Brief descriptive captions:
============

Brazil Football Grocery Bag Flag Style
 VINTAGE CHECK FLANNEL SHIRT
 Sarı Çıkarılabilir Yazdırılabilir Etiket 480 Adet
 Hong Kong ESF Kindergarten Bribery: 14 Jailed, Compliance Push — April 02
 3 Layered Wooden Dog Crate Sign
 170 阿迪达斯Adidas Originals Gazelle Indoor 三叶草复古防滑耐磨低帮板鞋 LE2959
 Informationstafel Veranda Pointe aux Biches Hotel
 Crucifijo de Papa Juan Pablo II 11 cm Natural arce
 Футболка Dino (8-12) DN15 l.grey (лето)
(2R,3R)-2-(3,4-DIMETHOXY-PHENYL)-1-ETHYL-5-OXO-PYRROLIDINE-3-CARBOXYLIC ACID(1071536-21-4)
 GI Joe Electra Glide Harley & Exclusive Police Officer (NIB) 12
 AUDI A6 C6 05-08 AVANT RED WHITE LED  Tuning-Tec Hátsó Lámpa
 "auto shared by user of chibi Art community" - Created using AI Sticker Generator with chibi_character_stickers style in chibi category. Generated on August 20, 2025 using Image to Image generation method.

============

WHAT THIS TASK INVOLVES: Return only this span, exactly: the line that contains "Informationstafel Veranda Pointe" and all lines after it to the end of the records.

SOLUTION:
 Informationstafel Veranda Pointe aux Biches Hotel
 Crucifijo de Papa Juan Pablo II 11 cm Natural arce
 Футболка Dino (8-12) DN15 l.grey (лето)
(2R,3R)-2-(3,4-DIMETHOXY-PHENYL)-1-ETHYL-5-OXO-PYRROLIDINE-3-CARBOXYLIC ACID(1071536-21-4)
 GI Joe Electra Glide Harley & Exclusive Police Officer (NIB) 12
 AUDI A6 C6 05-08 AVANT RED WHITE LED  Tuning-Tec Hátsó Lámpa
 "auto shared by user of chibi Art community" - Created using AI Sticker Generator with chibi_character_stickers style in chibi category. Generated on August 20, 2025 using Image to Image generation method.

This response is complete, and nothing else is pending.